Rene Comeau (born December 14, 1994) is a Canadian curler from Fredericton, New Brunswick. He currently plays third for team Colten Steele.

==Career==
===Juniors===
Comeau won the 2014 New Brunswick Junior Curling Championship. He skipped the team of Daniel Wenzek, Jordon Craft and Ryan Freeze at the 2014 Canadian Junior Curling Championships. They finished the round robin with a 5–1 record and the championship pool with a 7–3 record, qualifying them for the semifinal. They breezed past Alberta to face Manitoba in the gold medal game. The teams were even in percentages however Manitoba had a key steal of four which was ultimately the difference in the game. New Brunswick earned the silver medal.
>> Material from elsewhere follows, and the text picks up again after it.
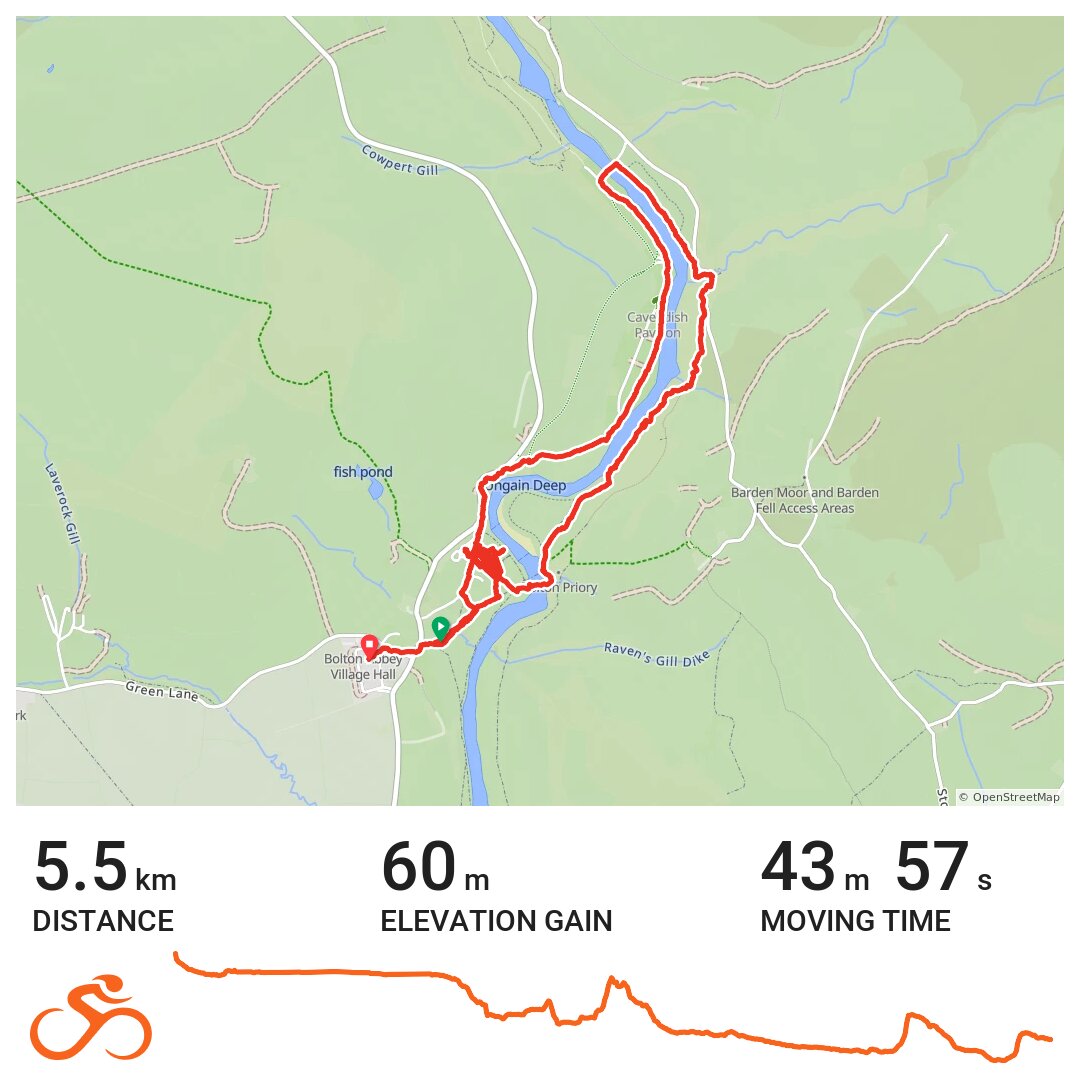 Bolton Abbey walk · Ride with GPS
Comeau would win the provincial championship again in 2015 this time with a new team of Andrew Burgess, Alex MacNeil and Ryan Freeze. The team had an identical start as Comeau did in 2014, going 5–1 in the round robin but improving in the championship pool, finishing 8–2. The team would unfortunately not reach the final this year, losing to Saskatchewan 8–6 in the semifinal. The following season, Team Comeau played in the 2015 GSOC Tour Challenge Tier 2 event, where they finished 1–3.

===Mens===
After aging out of Juniors, Comeau would start to find success in men's play provincially in the 2021–22 season as third on team Alex Robichaud, with teammates Chris Wagner and Alex Kyle. At the 2022 New Brunswick Tankard, the team finished 2–3 in the triple knockout bracket. The following season, they slightly bettered their record with a 3–4 performance at the 2023 New Brunswick Tankard, finishing fifth. For the 2023–24 season, Comeau took over as skip with Robichaud moving to third. Trevor Crouse was also added to the team with Chris Wagner moving to alternate. This move paid off for the team as they found early success on tour, reaching the final of the PEI Brewing Company Cashspiel, the semifinals of the New Scotland Brewing Co. Cashspiel and the quarterfinals of the Jim Sullivan Curling Classic. They carried this momentum into the 2024 New Brunswick Tankard where they managed to defeat every team in the field besides eventual champion James Grattan who beat them in all three qualifying events. During the 2025 New Brunswick Tankard, the team would not be able to match their previous season's success, going 2–3.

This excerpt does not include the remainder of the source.